The mosque on Kotrova Street in the capital of Dagestan is abuzz with passionate discussions. Here in the northern Caucasus, Muslim revolutionaries are fighting to break away from Russia and create a Salafi “emirate” akin to the caliphate yearned for by Al Qaeda. So people are used to talk about “terrorism.” But they are not used to hearing it linked to words like “Boston” and “marathon.” And they are trying to square what they’re hearing now with their memories of Tamerlan Tsarnaev, 26, the elder of the two brothers at the center of the atrocity in the United States, who was killed last Friday in a Boston suburb.
The men at the mosque on Kotrova Street saw a lot of Tsarnaev last summer and so, it appears, did the local security forces. The FSB, the successor to the KGB, allegedly even had a case file on him, according to one well-placed security source. Tamerlan Tsarnaev was dossier 1713. He was allegedly in the constant company of another Salafist, later killed, whom the FSB believed to have ties to the rebels in Caucasus. The Russian and Dagestani cops were allegedly “watching him closely for five months and three weeks,” according to this source. (The Russians had asked the FBI to take a close look at Tsarnaev in 2011, but the FBI had found nothing on him that they thought worth pursuing.)
“We remember him well,” says Shamil, a young Salafist at the mosque. “He impressed us, as he was from America.” The Tsarnaev family hailed from Chechnya, in fact, but the boys, Tamerlan and 19-year-old Dzokhar, had never lived there, and they essentially grew up in the United States these past 10 years.
Tamerlan, a boxer who found it increasingly hard to fit in as an American, may well have been searching for his roots in the Caucasus. But in that process, he was discovering and hardening his ties to radical Islamists.
Every man in the group gathered outside the mosque after the afternoon prayer had his own story to tell about persecution at the hands of the Russian state—the same sorts of stories they told to Tamerlan.
“As a rule, special units come to arrest us during every special operation, and our brothers from the community disappear,” says Said, a young man with a thick red beard. “Thirty-five people disappeared in 2007; they were kidnapped by special forces, by the ‘national anti-terrorism committee.’” Another, older man with a dark, lined face pointed at his knees. “They use a drill on you right here to torture you,” he said.
The mosque on Kotrova Street has gained a measure of fame around here. In the 1990s, many young believers from Dagestan went to study in Saudi Arabia. When they returned, many came to this small building with arched windows only a few blocks from the grimy Caspian beach.

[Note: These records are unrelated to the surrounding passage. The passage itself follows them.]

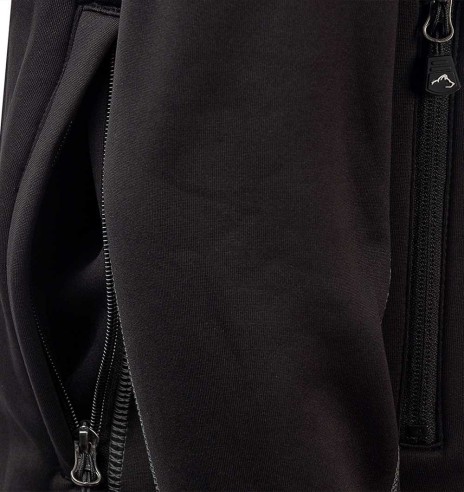 Fliis naistele, kapuutsiga, must, Power, fliisist dressipluus pusa (Arrak Outdoors)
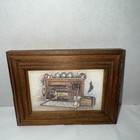 Set Of Vintage Miniature Framed Art Prints Country Cottage Theme 4 5    X 3 5   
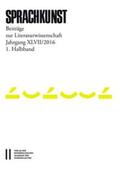 Rössner / Höller / Michaeel |  Sprachkunst. Beiträge zur Literaturwissenschaft / Sprachkunst Jahrgang XLVII/2016 1.Halbband | Buch |  Sack Fachmedien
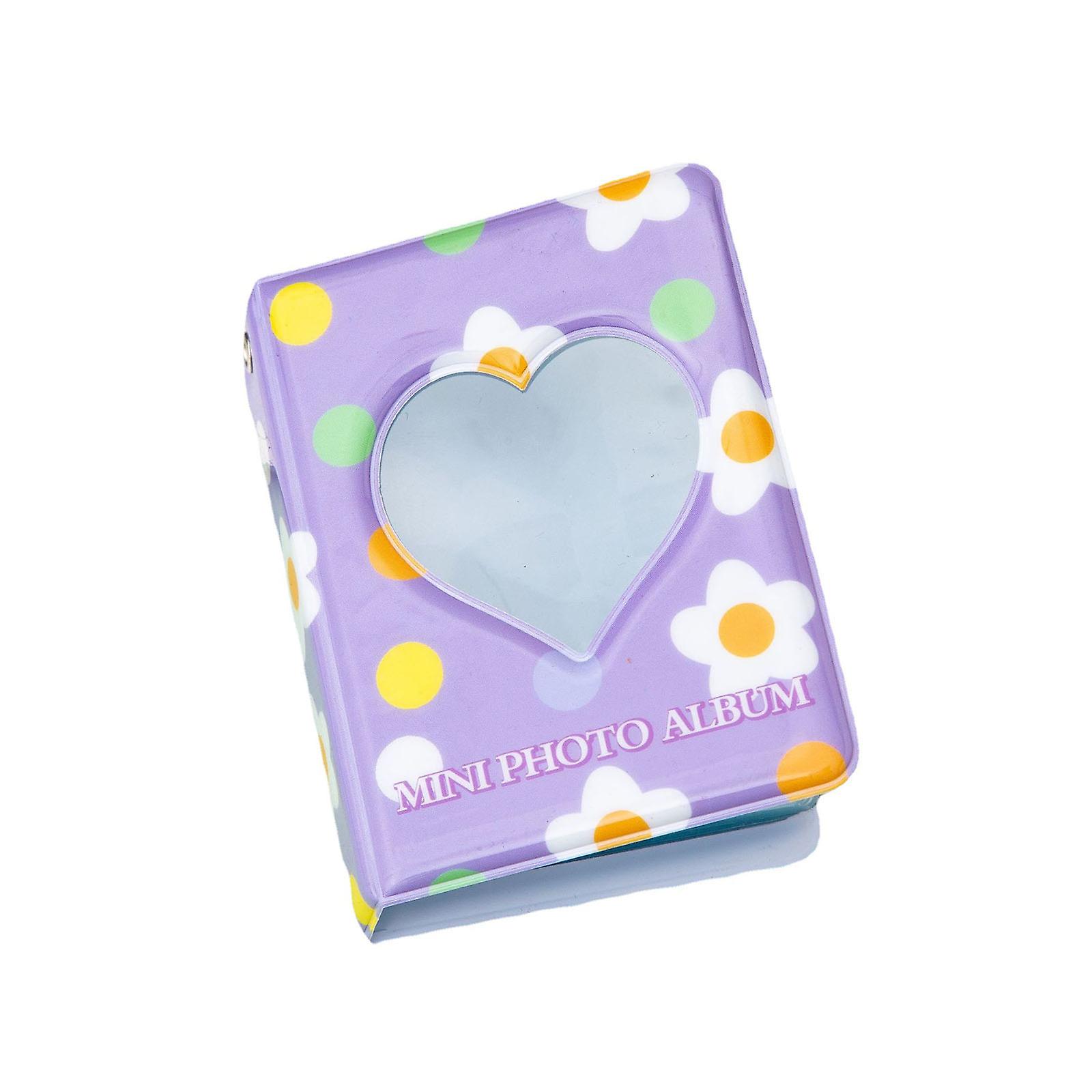 Albums Photos De Cœur Creux 3 Pouces Mini Album Photo D'Amour 40 Poches Classeur Kpop Pour Cartes Photo Petit Album Photo Mignon Pochette De Rangement De Photo Pour Famille (Lapin Cerise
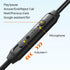 3.5mm MP3 Dual Driver Wired Ear Buds with Mic and Extra Bass, Ear Phones with Cord, Jack Plug in Headphones, Wire
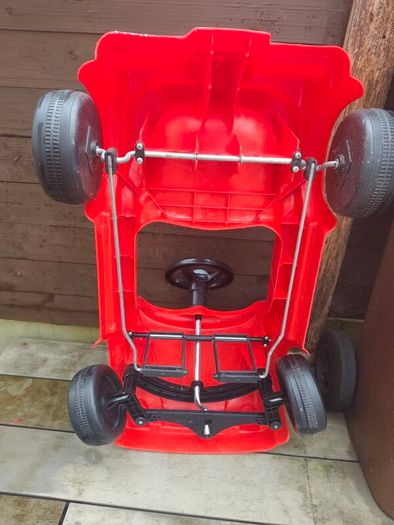 Dolu Toddler Kids Smart Car Pedal Operated Ride On Car Red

Tsarnaev “seemed knowledgeable and serious,” says Said, who is studying Islam at the university. But none of the men in the group outside the mosque could say why somebody like Tamerlan, with a young wife and little child, would want to destroy his own life with an attack like the one on Boston. None had any insights into the connection the brothers thought they might make between the suffering in the Caucasus and the festive crowd they attacked at the finish line of the Boston Marathon on Patriots’ Day.

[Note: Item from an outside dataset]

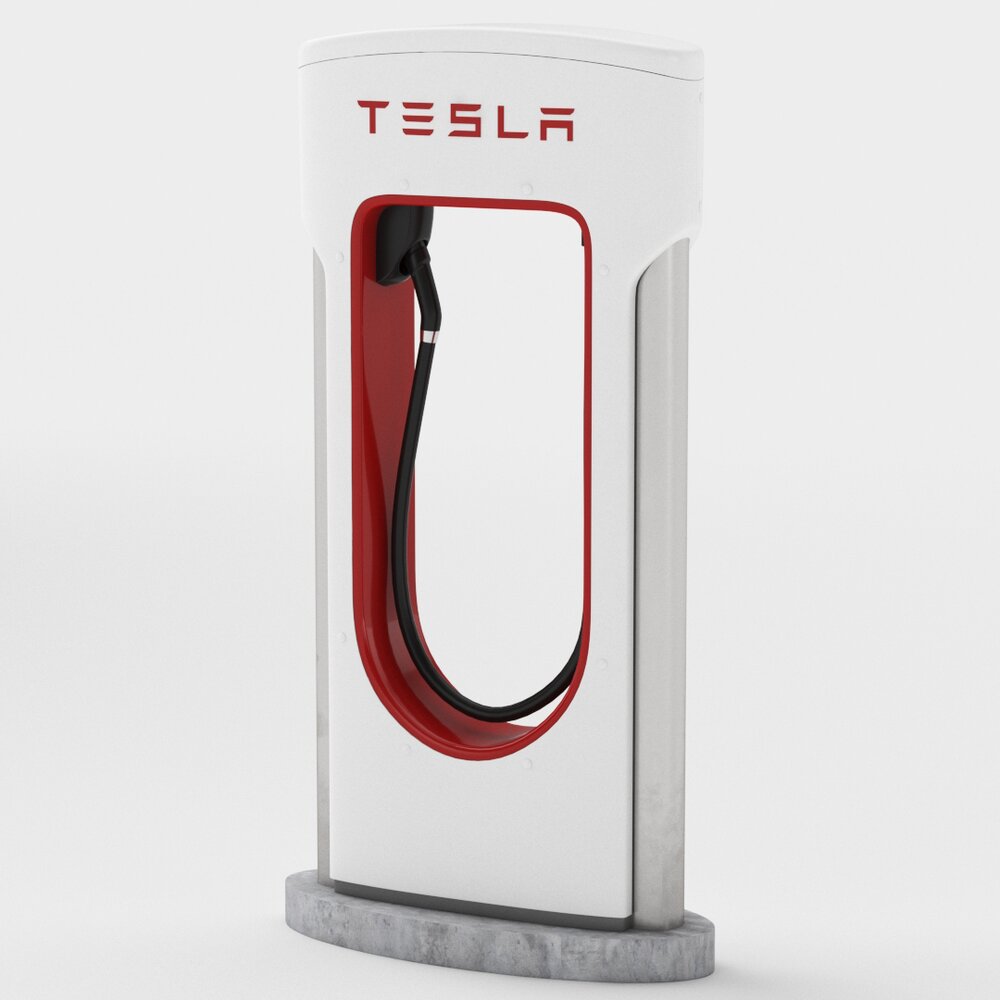 Tesla Supercharger 3d model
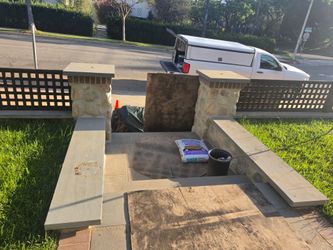 Block walls and concrete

“How could they get so radicalized in the USA? Why would they kill Americans, if America gave them a free education?”
“I do not believe that the story is so simple,” says Kheda Saratova, a Chechen human rights activist who came from Grozny, the Chechen capital, to investigate. She has hired a lawyer for Tsarnaev’s father, who is now living in Dagestan and has stopped giving interviews. “The parents complain that both the FSB and the FBI framed their children,” says Saratova. “One brother was killed. The other was shot in his neck. He cannot talk—it sounds too convenient.”
But many members of the Tsarnaev family make no excuses for the brothers. “I am so ashamed of the boys,” says Abdurashid Patakhov, one of their mother’s cousins. “How could they get so radicalized in the USA? Why would they kill Americans, if America gave them a free education?
“This is a big trouble for our family,” says Patakhov. “We are afraid of talking because tomorrow we might disappear.”